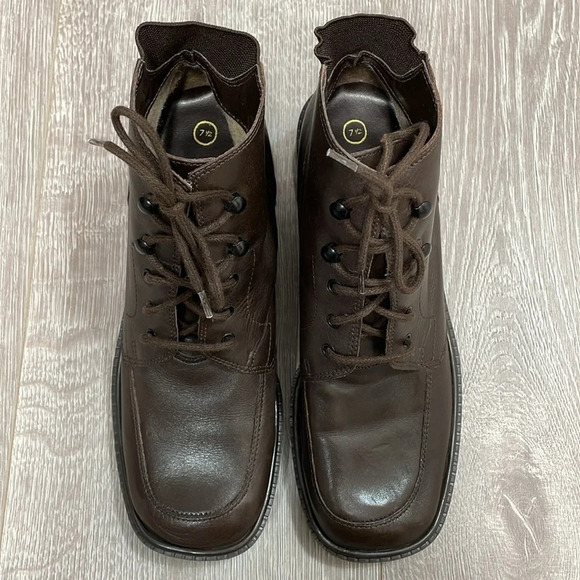 Women's Brown Ankle Boots - Picture 6 of 16
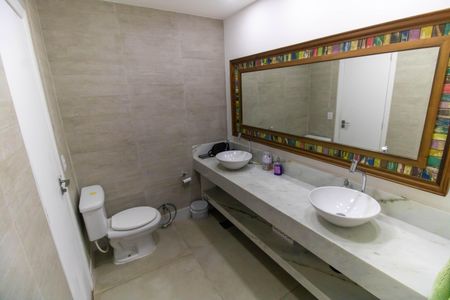 Casa à venda com 220m², 4 quartos e 2 vagasBanheiro da Suíte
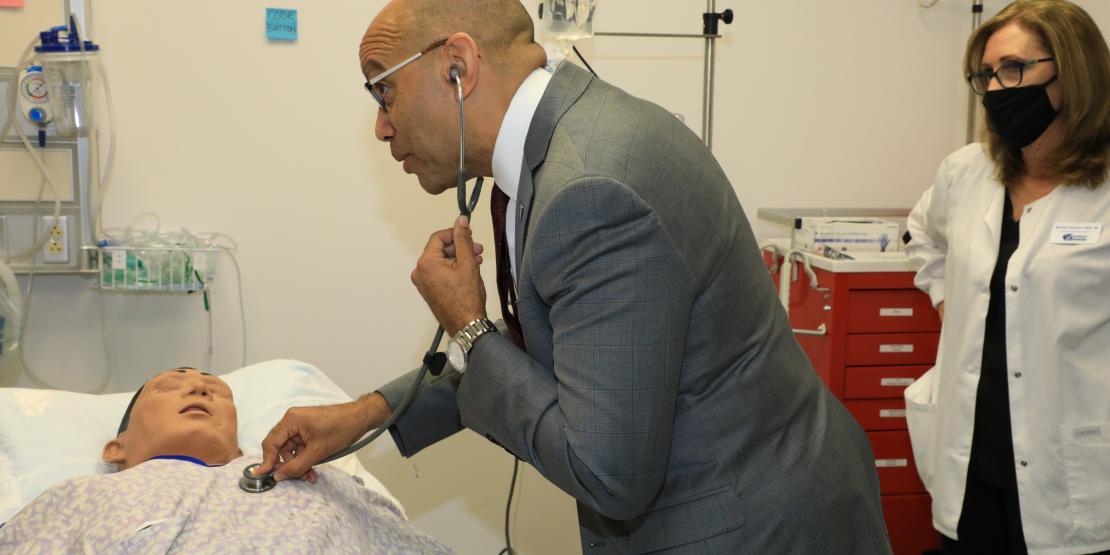 President Stith checks vitals on virtual patient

○ ○ ○ ○

_Task statement_: Reproduce the data above word for word and omit the images.

_Written response_:
 Women's Brown Ankle Boots - Picture 6 of 16
 Casa à venda com 220m², 4 quartos e 2 vagasBanheiro da Suíte
 President Stith checks vitals on virtual patient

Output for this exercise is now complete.